Despite Enterprise Florida turmoil on job incentives, site selectors find plenty to praise in Tampa


April 11, 2016



Robert Trigaux | Tampa Bay Times

Who says Florida’s economic development engine is on the fritz?

Sure, legislators nixed a coveted $250 million incentive fund that Enterprise Florida, the state’s job-recruiting arm, really wanted.

Okay, Enterprise Florida CEO Bill Johnson warned that loss of incentives could cost Florida 50,000 jobs. Now he’s leaving the agency after barely a year in office. It’s unclear if he exits with a pat on the back or a kick in the pants.

Alas, Gov. Rick Scott now wants to downsize Enterprise Florida’s staff and privatize its funding, presumably to limit pesky legislators from interfering further in future job-recruiting efforts.

And yes, the trickle-down effect of this Tallahassee spat to Tampa Bay’s economy may make it tougher for this area to land big-name expansions and high-paying jobs, as it has done recently with the arrival of behemoths like Bristol-Myers Squibb and Johnson & Johnson.

Such is the climate of economic development uncertainty here as six top site selectors came to town this week at the invitation of the Tampa Hillsborough Economic Development Corp. After days of touring Hills­borough County from Plant City to downtown Tampa (along with a Frozen Four college hockey game thrown in), the six sat down Friday morning at the Tampa Marriott Waterside and offered their unvarnished assessment of how Tampa and Hillsborough — at least that half of the Tampa Bay market — look as a place to recommend to their corporate clients.

Their overall assessment: You’ve come a long way, baby.

“You can compete with any city in the world on many projects,” site selector Deane Foote of Foote Consulting praised. But he urged stronger marketing. “Tell your story. Get the word out there.”

The area economy, diversified since the years dominated by call centers or bank back-office operations, can compete more broadly and with greater staying power when metro areas fight one another to win relocations.

“We should be called site eliminators rather than site selectors,” quipped Christopher Lloyd with McGuireWoods Consulting. After all, he said, his mission is to trim site options from many to one.

This was the second group of site selectors recently invited by the Tampa Hillsborough EDC to tour its market and publicly share their impressions. The first group of five site selectors came in September 2014 just as it was announced that billionaire Bill Gates and his personal money management arm, Cascade Investment, would financially back Tampa Bay Lightning owner Jeff Vinik’s ambitious 40-acre live-work-play real estate development vision just south of downtown Tampa.

The latest round of site selectors on Friday offered broad insights into the Tampa-Hillsborough market’s strengths and need for improvement. Here are the top takeaways:

• “Five years ago, you had good ideas that are now starting to coalesce,” said Lawrence Moretti of LFM Corporate Location Solutions.

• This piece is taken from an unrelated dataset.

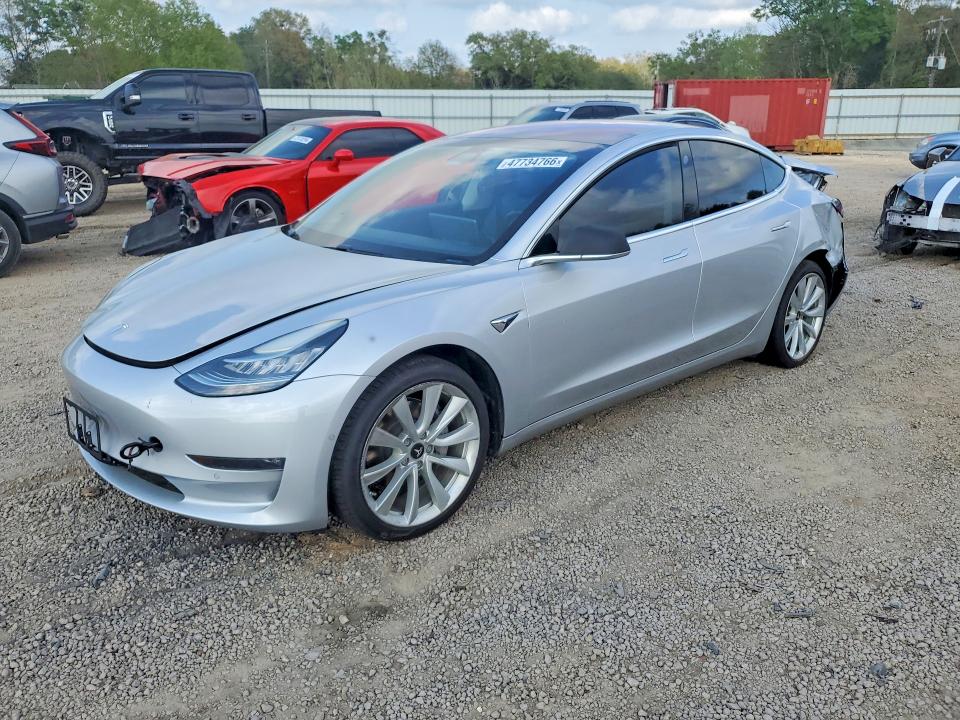 2018 Tesla Model 3 მანქანა იყიდება აუქციონზე, vin: 5YJ3E1EA6JF007883, აუქციონის ნომერი: 47734766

Plus, he added, with recent additions of some big-name corporate expansions, “you now have a track record of wins.”

• “Tampa is on the threshold of something different,” said Jerry Szatan of Szatan & Associates. He pointed to such successful arrivals as Bristol-Myers Squibb and the creation of the M2Gen cancer-fighting spinoff by Tampa’s Moffitt Cancer Center. Each of these entities rely on Big Data and advanced analytics, he said. And none of these businesses was here five years ago. That’s a mark of the area’s growing sophistication.

• One missing piece of the economic development puzzle remains, two site selectors noted: a sense of regionalism. The Tampa Bay Partnership used to provide regional marketing, noted Andrew Shapiro of Biggins Lacy Shapiro & Co. But nobody’s focused on doing it now, and that’s a handicap. “Frankly, you are diminished when you limit the tour to Tampa and Hillsborough,” he said. What about Pasco, Polk and Pinellas and, he added, “spectacular” St. Petersburg? That reference prompted an audible whoop of delight from St. Pete Chamber CEO Chris Steinocher in the audience.

• Scott Redabaugh of JLL Business Consulting Group pointed to the quality of the area’s educational assets, from public schools to USF, and the willingness to work together with the business community to help supply the area with relevant workforce skills.

Szatan added his own emphasis to the importance of workforce. What is most important in site selection? “Talent,” he said, “is one, two, three, four, five, six, seven, eight, nine of the top 10.”